Recording and Transcription

class AudioRecorder {
  constructor() {
    this.mediaRecorder = null;
    this.audioChunks = [];
  }

  async startRecording() {
    const stream = await navigator.mediaDevices.getUserMedia({ audio: true });
    this.mediaRecorder = new MediaRecorder(stream);

    this.mediaRecorder.ondataavailable = (event) => {
      this.audioChunks.push(event.data);
    };

    this.mediaRecorder.onstop = async () => {
      const audioBlob = new Blob(this.audioChunks, { type: 'audio/wav' });
      const audioFile = new File([audioBlob], 'recording.wav', { type: 'audio/wav' });

      try {
        const transcript = await transcribeAudio(audioFile);
        console.log('Live transcription:', transcript);
      } catch (error) {
        console.error('Transcription failed:', error);
      }
    };

    this.audioChunks = [];
    this.mediaRecorder.start();
  }

  stopRecording() {
    if (this.mediaRecorder && this.mediaRecorder.state === 'recording') {
      this.mediaRecorder.stop();
    }
  }
}

// Usage
const recorder = new AudioRecorder();

// Start recording
document.getElementById('startBtn').addEventListener('click', () => {
  recorder.startRecording();
});

// Stop recording
document.getElementById('stopBtn').addEventListener('click', () => {
  recorder.stopRecording();
});

cURL Examples

Basic File Upload

# Using a local audio file
curl -X POST https://oyester.metaphy.live/stt \
  -F "audio=@/path/to/your/audio.mp3"

# Example response
{
  "transcript": "How can I help you today?",
  "success": true,
  "timestamp": "2025-11-21T10:30:00.000Z",
  "processingTime": 2450
}

With Custom Headers

# With custom headers
curl -X POST https://oyester.metaphy.live/stt \
  -H "Authorization: Bearer your-token" \
  -F "audio=@meditation_question.wav"

Error Handling

async function transcribeAudio(audioFile) {
  const formData = new FormData();
  formData.append('audio', audioFile);

  try {
    const response = await fetch('https://oyester.metaphy.live/stt', {
      method: 'POST',
      body: formData
    });

    if (!response.ok) {
      const errorData = await response.json();
      throw new Error(`Transcription failed: ${errorData.message || response.statusText}`);
    }

    const result = await response.json();
    return result.transcript;
  } catch (error) {
    console.error('Transcription error:', error);

    // Handle specific error types
    if (error.message.includes('400')) {
      throw new Error('Invalid audio file.
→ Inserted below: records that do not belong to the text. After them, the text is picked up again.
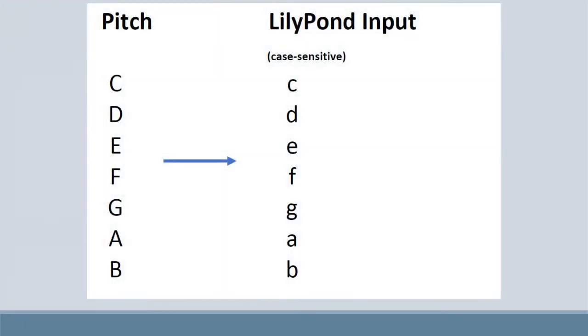Let's take a closer look at how to input pitches. Remember, Lily Pond is case sensitive, so always make sure to use lowercase letters when inputting your pitches.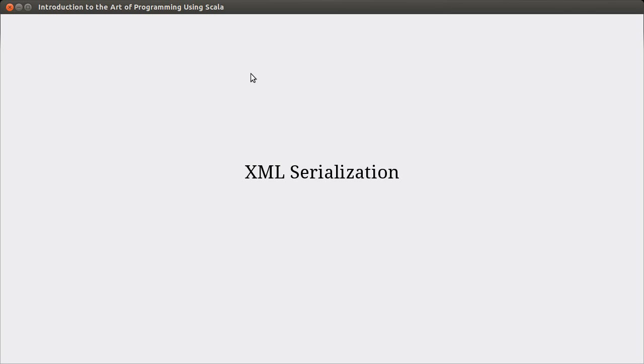Welcome back to the video lecture series for Introduction to the Art of Programming using Scala. In this video, we continue talking about writing things out to file. We're still in the chapter on I/O streams, but we're going to take a detour down the path of serialization, which is taking our data and turning it into some form that we can send across a network or store in a file so that later or on the other side, we can read it back in and reestablish the objects we had before.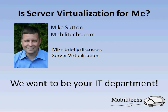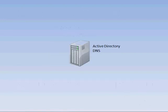Hi, Mike Sutton here with Mobilitechs. We want to be your IT department. In this video, I'm going to briefly discuss server virtualization.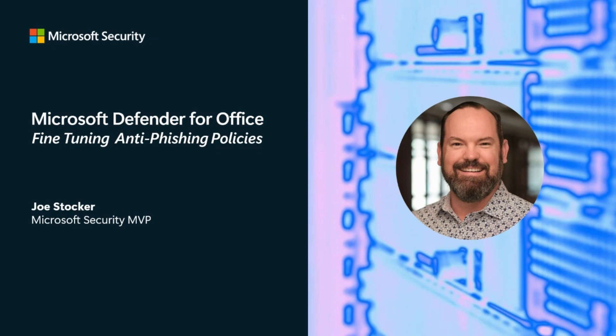Hey guys, it's Joe. In this video, I'll be talking to you about how to fine-tune the anti-phishing policies in Microsoft Defender for Office.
Please check the format and try again.');
    } else if (error.message.includes('500')) {
      throw new Error('Server error. Please try again later.');
    } else {
      throw new Error('Network error. Please check your connection.');
    }
  }
}

Best Practices

File Format: Use MP3 or WAV for best compatibility and smaller file sizes.
Audio Quality: Higher quality audio generally produces better transcriptions.
File Size: Compress audio files when possible to reduce upload time and processing costs.
Error Handling: Always implement proper error handling for network issues and API failures.